═════ Exercise input
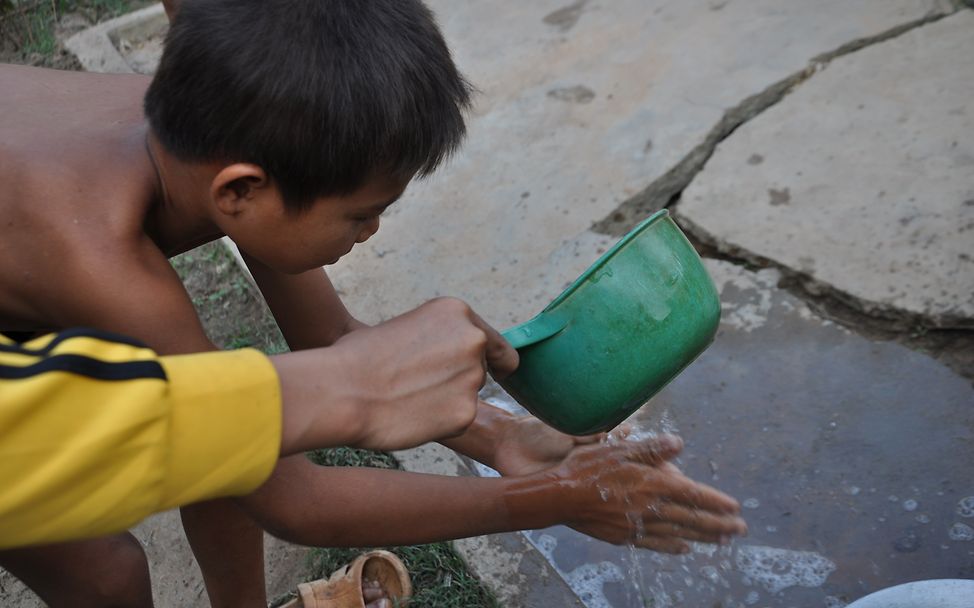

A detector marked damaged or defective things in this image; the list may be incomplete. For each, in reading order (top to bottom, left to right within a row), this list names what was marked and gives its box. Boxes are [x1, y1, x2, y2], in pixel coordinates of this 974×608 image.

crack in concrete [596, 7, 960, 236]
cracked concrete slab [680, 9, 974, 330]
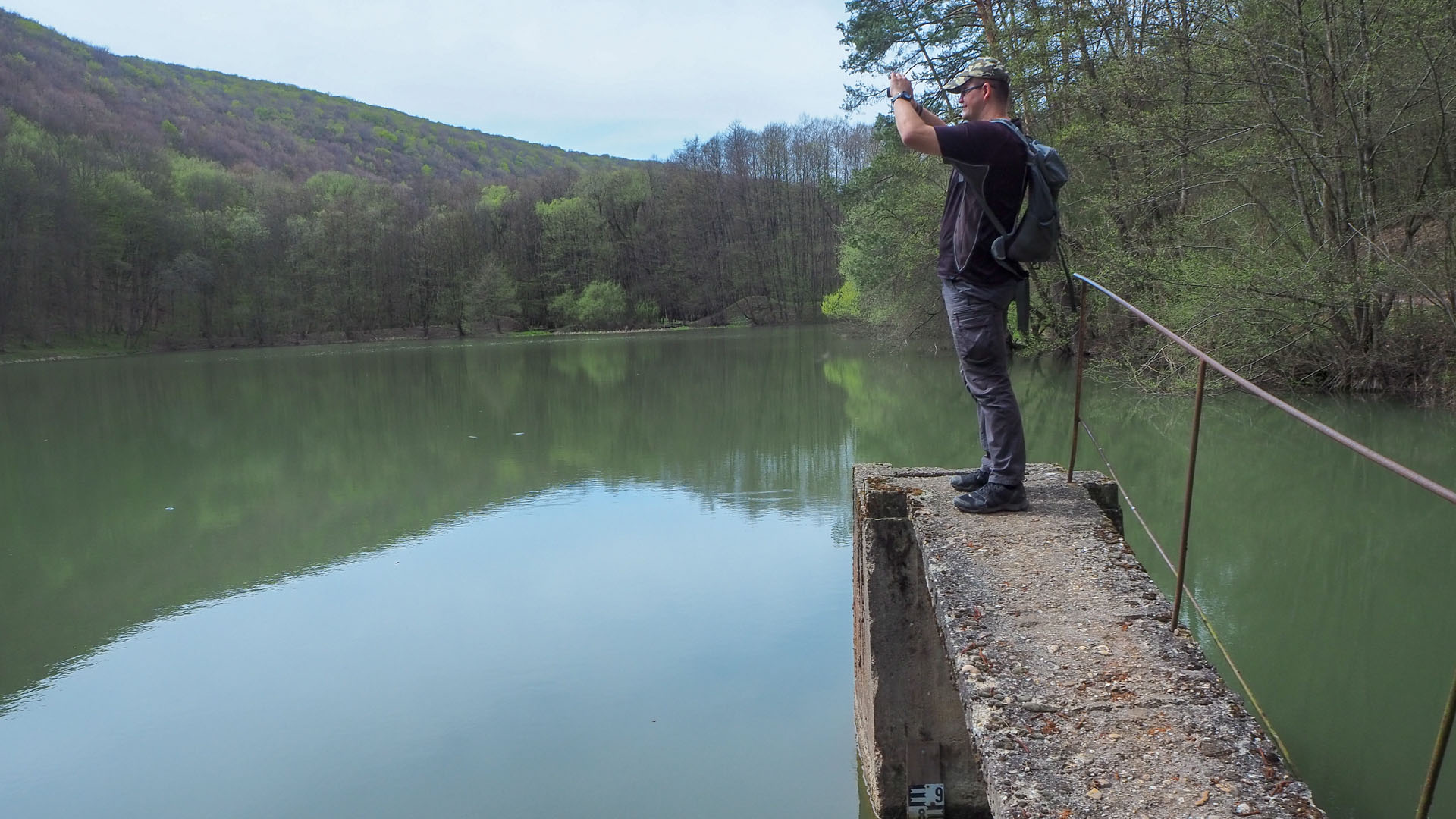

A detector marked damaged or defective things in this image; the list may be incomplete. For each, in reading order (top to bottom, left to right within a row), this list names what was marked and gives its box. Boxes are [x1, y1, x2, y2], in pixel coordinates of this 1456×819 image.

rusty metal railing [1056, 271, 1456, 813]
══════════
> Problem requirements: Nothing before the line holding "this 1456×819 image." belongs in the answer. Repeat that line and the rest of the listing exactly.

> Answer below:
A detector marked damaged or defective things in this image; the list may be incomplete. For each, in reading order (top to bottom, left to right within a row), this list names what was marked and gives its box. Boxes are [x1, y1, x2, y2], in pixel coordinates of this 1456×819 image.

rusty metal railing [1056, 271, 1456, 813]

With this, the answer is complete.